Equation (1) can also be written as

(**A** - *l***I**)**x** = 0

where **I** is the *n x n* identity matrix. A nontrivial solution to this
system of *n* linear homogeneous equations exists if and only if

det(**A** - *l***I**) = 0 (2)

This *n*th-degree polynomial in *l* is called the characteristic
polynomial or characteristic equation of **A**, and the eigenvalues *l* are
its roots, also known as the characteristic roots.

The eigenvector defined by (1) is also known as the right
eigenvector, because matrix **A** is postmultiplied by eigenvector **x**.
See **[M-5] eigensystem()** and *left eigenvectors*.

**eltype**
See *type, eltype, and orgtype*.

**epsilon(1)**, etc.
epsilon(1) refers to the unit roundoff error associated with a
computer, also informally called machine precision. It is the
smallest amount by which a number may differ from 1. For IEEE
double-precision variables, epsilon(1) is approximately 2.22045e-16.

epsilon(*x***)** is the smallest amount by which a real number can differ
from *x*, or an approximation thereof; see **[M-5] epsilon()**.

**exp**
*exp* is used in syntax diagrams to mean "any valid expression may
appear here"; see **[M-2] exp**.

**external variable**
See *global variable*.

**function**
The words program and function are used interchangeably. The
programs that you write in Mata are in fact functions. Functions
receive arguments and optionally return results.

Examples of functions that are included with Mata are **sqrt()**,
**ttail()**, and **substr()**. Such functions are often referred to as the
built-in functions or the library functions. Built-in functions
refer to functions implemented in the C code that implements Mata,
and library functions refer to functions written in the Mata
programming language, but many users use the words interchangeably
because how functions are implemented is of little importance. If
you have a choice between using a built-in function and a library
function, however, the built-in function will usually execute more
quickly and the library function will be easier to use. Mostly,
however, features are implemented one way or the other and you have
no choice.

Also see *underscore functions*.

For a list of the functions that Mata provides, see **[M-4] intro**.

**generalized eigenvalues**

A scalar *l* (usually denoted by *lambda*) is said to be a generalized
eigenvalue of a pair of *n x n* square, numeric matrices **A**, **B** if there
is a nonzero column vector **x**: *n x* 1 (called a generalized
eigenvector) such that

**Ax** = *l***Bx** (1)

Equation (1) can also be written as

(**A** - *l***B**)**x** = 0

A nontrivial solution to this system of *n* linear homogeneous
equations exists if and only if

det(**A** - *l***B**) = 0 (2)

In practice, the generalized eigenvalue problem for the matrix pair
(**A**, **B**) is usually formulated as finding a pair of scalars (*w*, *b*) and
a nonzero column vector **x** such that

*w***Ax** = *b***Bx**

The scalar *w*/*b* is a generalized eigenvalue if *b* is not zero.

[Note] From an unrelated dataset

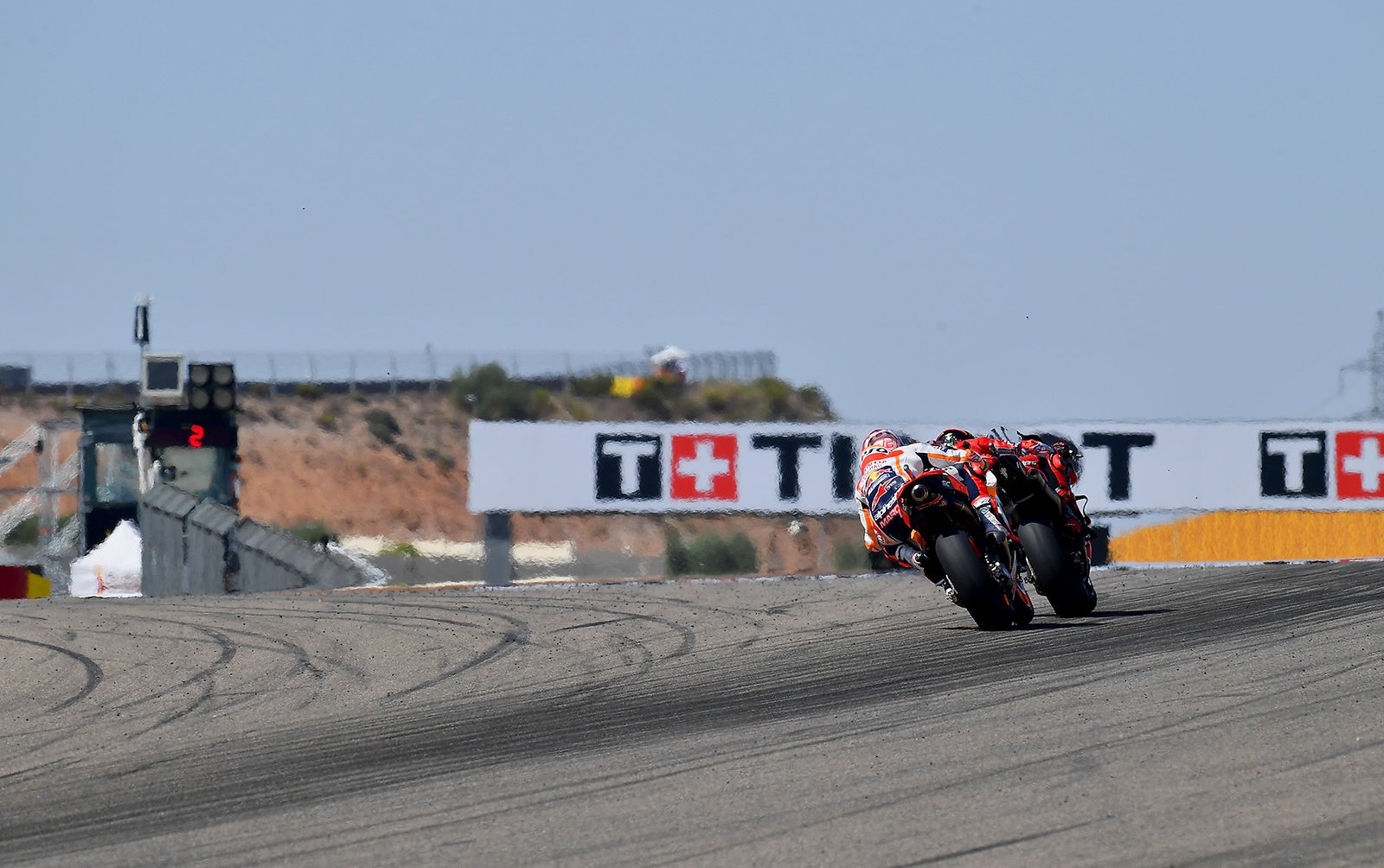 bagnaia-epikh-maxh-Aragon-Marquez-thn6.jpg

Infinity is a generalized eigenvalue if *b* is zero or numerically
close to zero. This situation may arise if **B** is singular.

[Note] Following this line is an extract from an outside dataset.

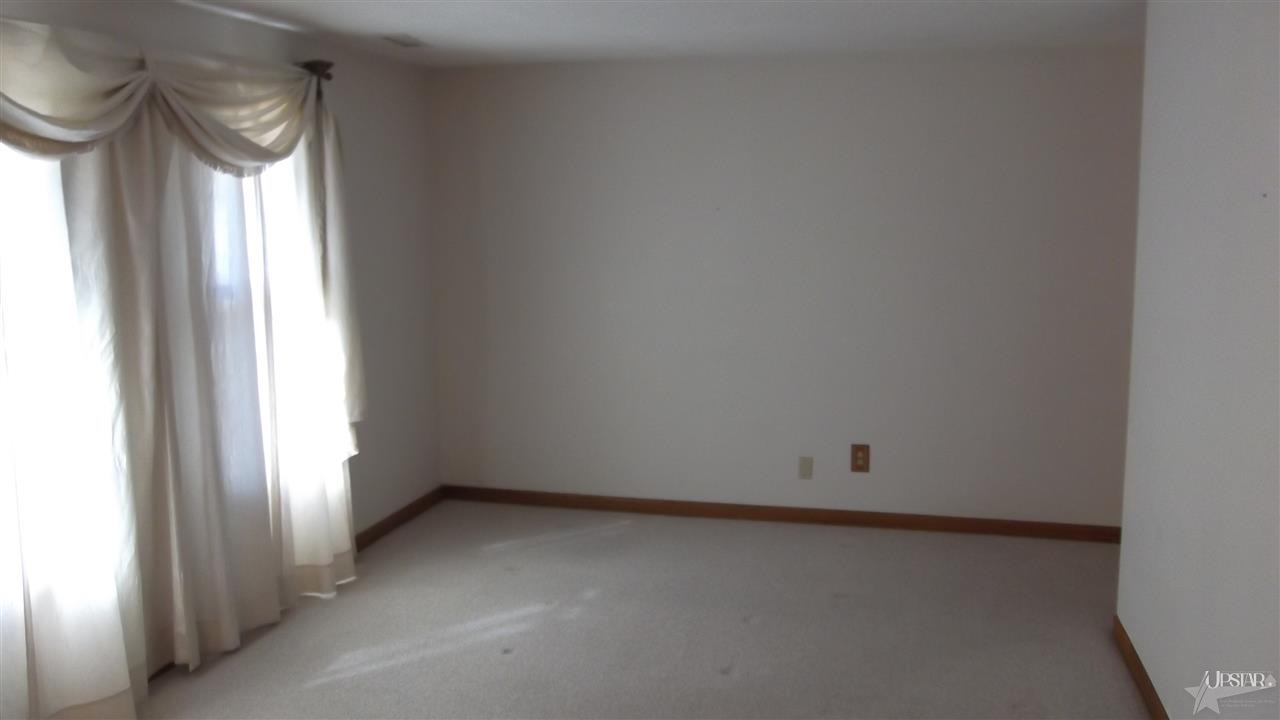 6321 Bennington Dr, Fort Wayne, IN 46815 photo 15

The Mata functions that compute generalized eigenvalues return them
in two complex vectors, **w** and **b** of length *n*. If **b**[*i*]=0, the *i*th
generalized eigenvalue is infinite, otherwise the *i*th generalized
eigenvalue is **w**[*i*]/**b**[*i*].

**global variable**
Global variables, also known as external variables and as global
external variables, refer to variables that are common across
programs and which programs may access without the variable being
passed as an argument.

The variables you create interactively are global variables. Even
so, programs cannot access those variables without engaging in
another step, and global variables can be created without your
creating them interactively.

To access (and create if necessary) global external variables, you
declare the variable in the body of your program:

**function myfunction(**...**)**
** {**
** external real scalar globalvar**
** **
** **...
** }**

See **Linking to external globals** in **[M-2] declarations**.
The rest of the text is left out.